At low revs, the LS460 is remarkably quiet, emitting just a muted hum. The engine is smooth and refined at higher speeds, too, and only full throttle bursts make it growl. Wind and road noise are also well isolated, so the car is impressively hushed at motorway speeds.
The LS is an expensive car to buy in all its forms, but it has residual values that match most of its luxury car rivals. Running costs for a car of this type are reasonable, but fuel consumption and emissions for both the hybrid and non-hybrid models are higher than their competitors with diesel engines, and this makes them expensive to fuel and to tax.
As you would expect, the LS is very solidly built, but some of the plastics in the cabin don’t look or feel particularly special. Still, all the controls work smoothly and inspire confidence, and Lexus’ reliability record is the envy of the motor industry. The brand regularly tops the JD Power customer satisfaction survey.
The LS has yet to be crash-tested by Euro NCAP, but it comes with a huge range of safety kit.

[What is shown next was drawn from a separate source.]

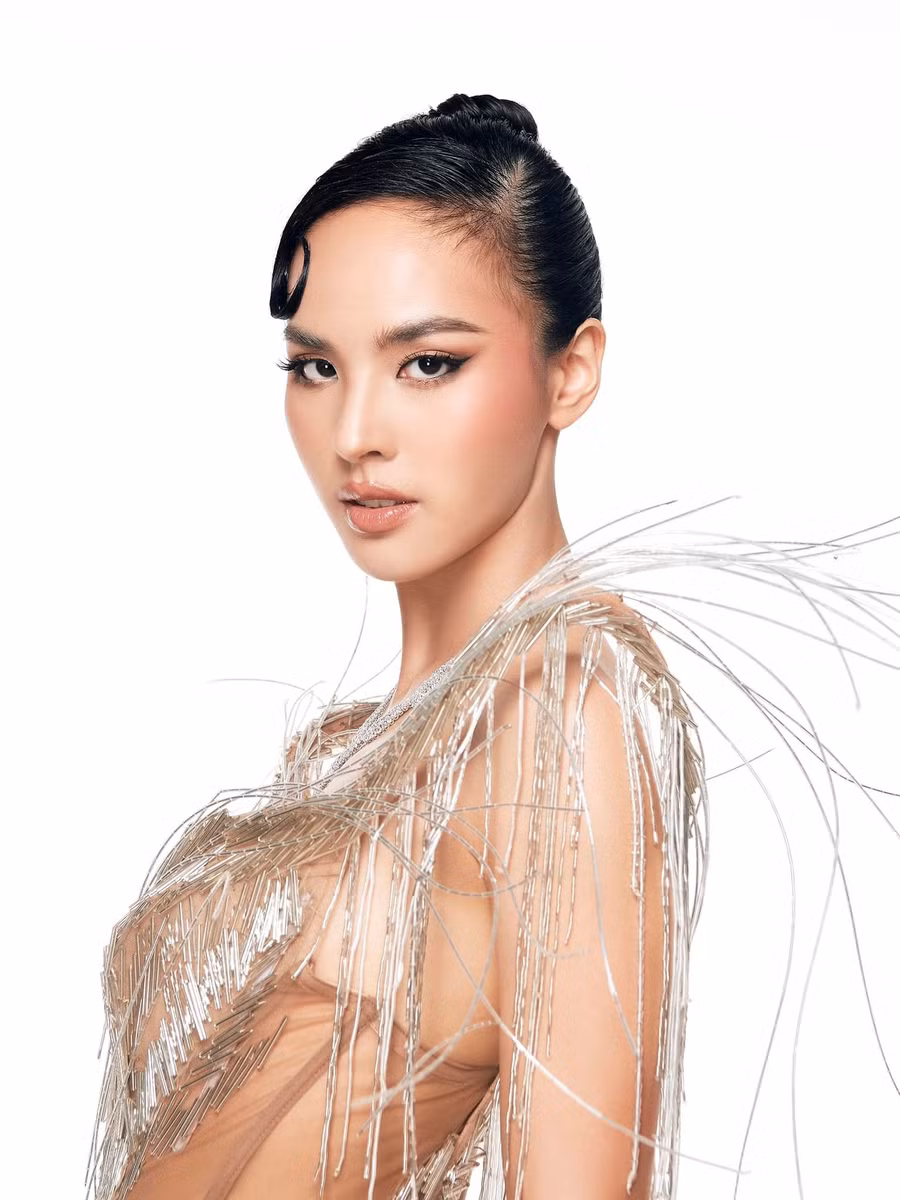 Người đẹp Việt Nam tranh tài tại Miss Charm 2024 là Nguyễn Thị Quỳnh Nga. Cô sinh năm 1995 và được biết đến là một biên tập viên, MC truyền hình. Người đẹp 29 tuổi tốt nghiệp Trường đại học Ngoại thương, thông thạo tiếng Anh với trình độ IELTS 7.5. Quỳnh Nga từng vào top 10 Miss World Vietnam 2019, giải Á khôi Sinh viên Việt Nam 2017. Năm 2024, cô tập trung theo đuổi chương trình thạc sĩ chuyên ngành Quản trị kinh doanh tại Mỹ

There’s an advanced pre-crash safety system, along with collision-avoidance assist. This helps the driver avoid an accident, or minimise impact with other vehicles or pedestrians. It operates across a wide speed range, in daylight or darkness. Lane-keep assist is included in the standard specification, and the LS600 comes with a blind-spot-monitor system.
The Lexus has such a large range of adjustment on the driver’s seat and steering wheel that everyone should be able to find a comfortable driving position. Most adjustments are electrically operated, too, so minimum effort is required. The interior features a well laid out dashboard, but things are ruined by an complex infotainment system that uses an irritating mouse controller.
The driver and front seat passenger have loads of room, but rear seat passengers won’t feel quite so privileged. Legroom is not massive, and the sloping roofline restricts headroom. The 600h comes in long wheelbase form only, and that gives more generous rear legroom, but the centre rear seat is still uncomfortable. However, the boot is a good size in all models and accessibility is good.
The LS is a handsomely equipped car, even in the most basic Luxury trim. There are automatic xenon lights, four-zone climate control, air-conditioned seats and a superb Mark Levinson stereo. The F Sport model adds larger 19-inch alloys, a sportier looking front grille and bumpers, plus a sporty makeover for the cabin.